In our ceiling testing facility, flat roofs or lightweight ceilings can be installed according to DIN EN ISO 10140 (wooden ceilings). These include flat roofs, industrial roofs, wooden beam ceilings, solid wood ceilings and wood-concrete composite ceilings. The airborne and impact sound insulation of the ceilings, installation noise from bathtubs and shower trays, as well as the reduction of impact sound from screeds, hollow and raised floors, suspended sub-ceilings and much more can be measured effortlessly in the testing facility. The ceilings or roofs are installed on a circumferential bracket. The dimensions of the test object are approx. 4.78 x 3.78 m (L x B).

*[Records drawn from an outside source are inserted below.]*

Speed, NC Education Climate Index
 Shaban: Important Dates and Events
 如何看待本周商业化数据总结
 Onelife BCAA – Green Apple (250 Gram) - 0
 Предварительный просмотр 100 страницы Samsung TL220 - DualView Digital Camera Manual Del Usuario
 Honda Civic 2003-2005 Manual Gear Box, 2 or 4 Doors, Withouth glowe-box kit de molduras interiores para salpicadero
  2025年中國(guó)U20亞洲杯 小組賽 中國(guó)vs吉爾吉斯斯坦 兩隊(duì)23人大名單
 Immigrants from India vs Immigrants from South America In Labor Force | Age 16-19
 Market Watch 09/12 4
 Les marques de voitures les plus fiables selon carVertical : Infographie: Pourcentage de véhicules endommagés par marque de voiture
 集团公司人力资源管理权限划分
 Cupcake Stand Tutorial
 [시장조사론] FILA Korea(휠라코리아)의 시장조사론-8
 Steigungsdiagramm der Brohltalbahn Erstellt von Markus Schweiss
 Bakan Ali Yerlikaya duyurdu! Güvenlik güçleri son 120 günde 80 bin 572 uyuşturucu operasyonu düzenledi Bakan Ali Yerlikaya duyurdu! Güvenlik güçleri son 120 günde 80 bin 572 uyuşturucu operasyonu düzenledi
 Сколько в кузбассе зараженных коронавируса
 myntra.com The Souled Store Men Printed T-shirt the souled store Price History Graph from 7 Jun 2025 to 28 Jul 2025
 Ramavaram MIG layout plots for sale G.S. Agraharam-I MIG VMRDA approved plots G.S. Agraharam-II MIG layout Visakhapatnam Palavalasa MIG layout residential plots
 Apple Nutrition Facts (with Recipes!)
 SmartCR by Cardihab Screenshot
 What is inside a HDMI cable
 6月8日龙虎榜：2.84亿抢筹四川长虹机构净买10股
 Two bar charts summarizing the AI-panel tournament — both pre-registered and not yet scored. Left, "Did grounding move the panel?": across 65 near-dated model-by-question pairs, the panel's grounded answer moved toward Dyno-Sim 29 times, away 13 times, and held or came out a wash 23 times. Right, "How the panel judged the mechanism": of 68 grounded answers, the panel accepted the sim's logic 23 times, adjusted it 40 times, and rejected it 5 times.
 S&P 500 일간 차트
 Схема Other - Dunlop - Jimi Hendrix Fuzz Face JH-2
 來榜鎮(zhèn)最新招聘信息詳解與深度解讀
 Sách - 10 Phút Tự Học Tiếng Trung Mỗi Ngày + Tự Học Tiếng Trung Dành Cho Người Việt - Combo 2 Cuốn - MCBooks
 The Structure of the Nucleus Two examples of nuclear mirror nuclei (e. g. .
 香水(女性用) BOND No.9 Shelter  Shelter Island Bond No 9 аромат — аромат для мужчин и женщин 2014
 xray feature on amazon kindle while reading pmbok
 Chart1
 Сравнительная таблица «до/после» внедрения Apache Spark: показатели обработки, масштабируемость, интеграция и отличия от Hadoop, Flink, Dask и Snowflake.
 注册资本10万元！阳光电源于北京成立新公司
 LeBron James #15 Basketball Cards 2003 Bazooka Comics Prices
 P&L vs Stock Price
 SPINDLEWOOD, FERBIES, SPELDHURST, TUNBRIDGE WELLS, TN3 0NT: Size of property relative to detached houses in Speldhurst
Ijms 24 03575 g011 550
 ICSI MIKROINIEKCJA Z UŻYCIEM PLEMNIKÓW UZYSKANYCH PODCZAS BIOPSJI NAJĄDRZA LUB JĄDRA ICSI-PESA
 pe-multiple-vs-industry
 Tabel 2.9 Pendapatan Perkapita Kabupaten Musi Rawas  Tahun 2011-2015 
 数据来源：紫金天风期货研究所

When raindrops fall on horizontal building elements such as roofs, skylights or window sills, they sometimes generate unwanted noise. This effect can cause noise pollution for building users or neighbors both outside and inside the building. Therefore, our scientists use our rain noise testing facility to measure the sound intensity level Li,A (sound power per 1 m² of roof area) that is generated when reproducible “standard rain” falls on sloping roof surfaces. These measurements are particularly relevant for roof constructions made of materials such as foil cushions, metal or sheet metal, as well as standing seam roofs and profiled roofs (ETFE).

Our suspended ceiling test facility (P5) enables the determination of the longitudinal sound insulation of suspended ceilings in accordance with the standard DIN EN ISO 10848-2:2018. With flexible configuration options, such as a ceiling that is infinitely height-adjustable, we offer optimum adaptation to individual testing requirements - without the need for structural modifications. A highly sound-insulating partition wall between the source and receiving rooms guarantees precise and reproducible measurement results. This technical setup provides ideal conditions for measuring closed suspended ceilings, grid ceilings and systems with integrated ceiling elements.